• MATERIAL SUPPLIED

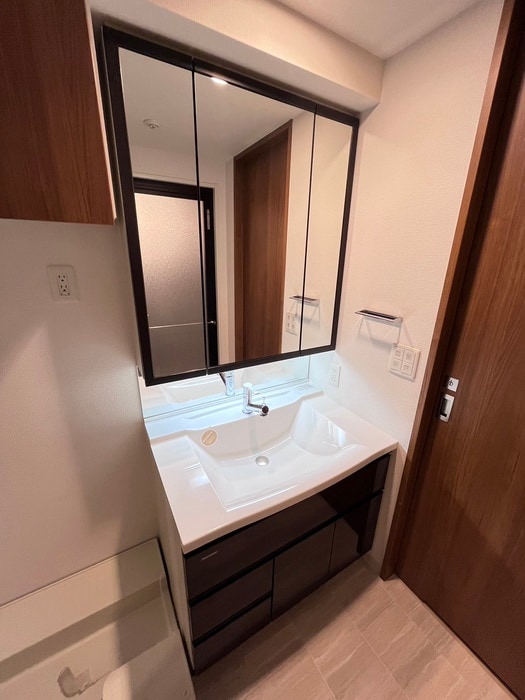 リヴァーク四条烏丸の物件内観写真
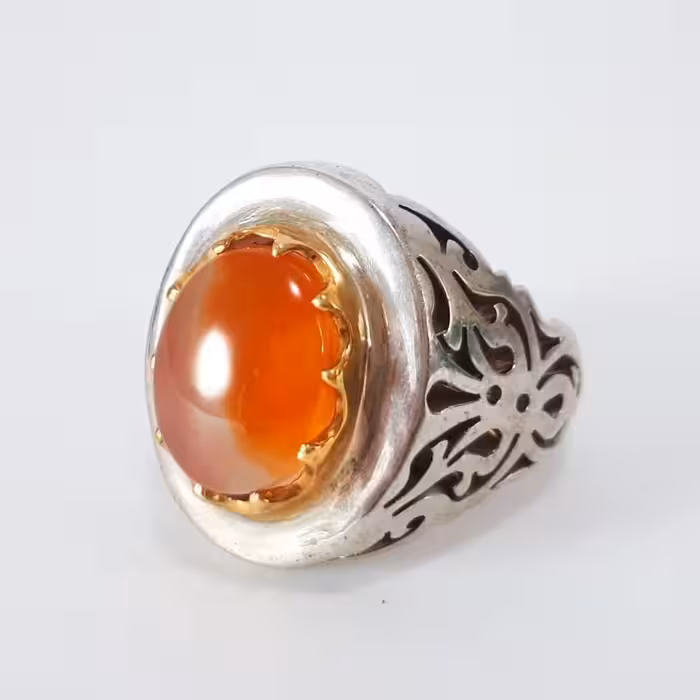 انگشتر دستساز سربرنجی عقیق دو رنگ و زیبای یمنی کد Y 889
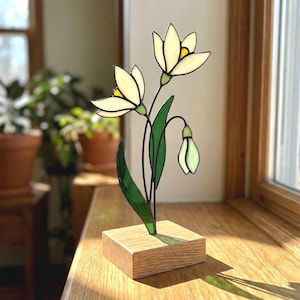 Stained Glass Snowdrop Standing Suncatcher, January Birth Flower Gift for Mom, Tabletop Window Sill Decor, Wood Base Spring Floral Art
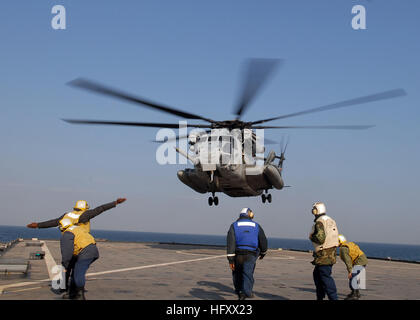 091105-N-6692A-055 SEA OF JAPAN (5. November 2009) A Sailor signalisiert einen Marinekorps CH-53 Sea Stallion-Hubschrauber, wie es aus dem Flugdeck der amphibischen Dock Landungsschiff USS Tortuga (LSD 46) nimmt ab. Tortuga ist Teil der Denver amphibische bereit Gruppe Teilnahme an der jährlichen bilateralen Koreanisch integrierten Trainingsprogramm Übung. (Foto: U.S. Navy Mass Communication Specialist 1. Klasse Geronimo Aquino/freigegeben) US Navy 091105-N-6692A-055 A Sailor signalisiert einen Marinekorps CH-53 Sea Stallion-Hubschrauber, wie es zieht aus dem Flugdeck der USS Tortuga (LSD-46) Stockfoto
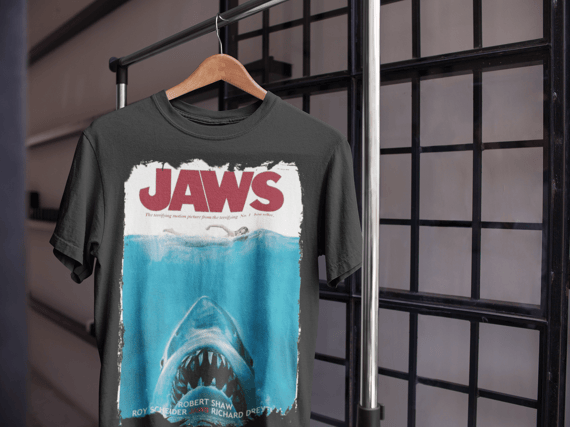 Camisa Preta Tubarão
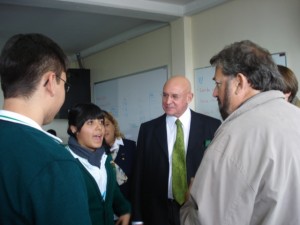 Students, Luis Echarte, and Mark Anderson at Plantel Azteca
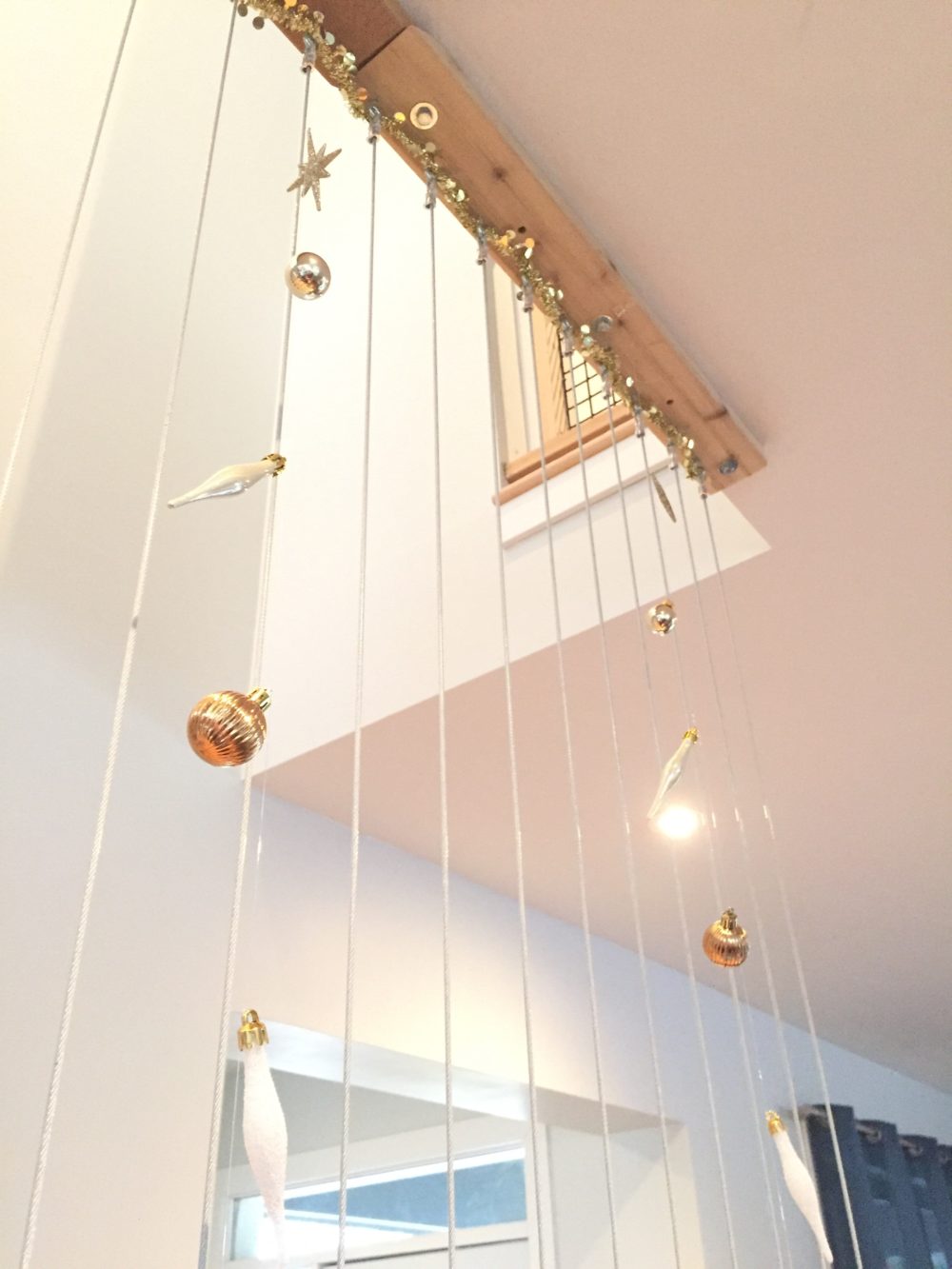 10 minute DIY: Ornament string garland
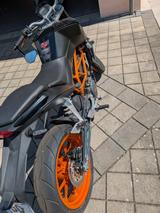 KTM Duke 390 - KTM DUKE 390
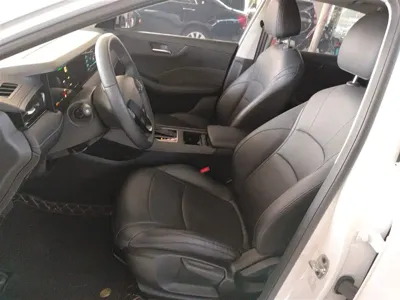 Roewe i5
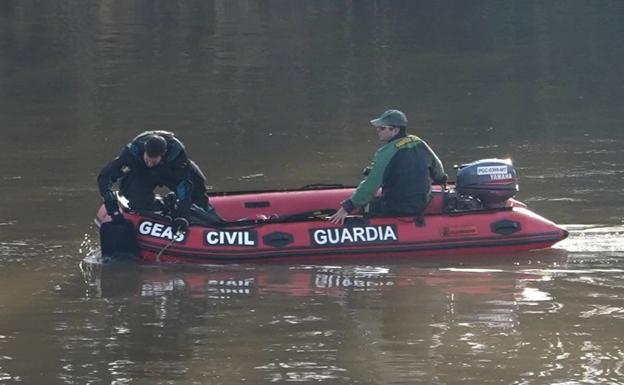 La caída de la noche impidio que el operativo de búsqueda pudiera confirmar ayer la presencia de los dos ocupantes de la nave siniestrada en el interior de la misma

• WORK REQUEST
Repeat the material above word for word; no images go in the copy.

• SOLUTION FOR THIS TASK
 リヴァーク四条烏丸の物件内観写真
 انگشتر دستساز سربرنجی عقیق دو رنگ و زیبای یمنی کد Y 889
 Stained Glass Snowdrop Standing Suncatcher, January Birth Flower Gift for Mom, Tabletop Window Sill Decor, Wood Base Spring Floral Art
 091105-N-6692A-055 SEA OF JAPAN (5. November 2009) A Sailor signalisiert einen Marinekorps CH-53 Sea Stallion-Hubschrauber, wie es aus dem Flugdeck der amphibischen Dock Landungsschiff USS Tortuga (LSD 46) nimmt ab. Tortuga ist Teil der Denver amphibische bereit Gruppe Teilnahme an der jährlichen bilateralen Koreanisch integrierten Trainingsprogramm Übung. (Foto: U.S. Navy Mass Communication Specialist 1. Klasse Geronimo Aquino/freigegeben) US Navy 091105-N-6692A-055 A Sailor signalisiert einen Marinekorps CH-53 Sea Stallion-Hubschrauber, wie es zieht aus dem Flugdeck der USS Tortuga (LSD-46) Stockfoto
 Camisa Preta Tubarão
 Students, Luis Echarte, and Mark Anderson at Plantel Azteca
 10 minute DIY: Ornament string garland
 KTM Duke 390 - KTM DUKE 390
 Roewe i5
 La caída de la noche impidio que el operativo de búsqueda pudiera confirmar ayer la presencia de los dos ocupantes de la nave siniestrada en el interior de la misma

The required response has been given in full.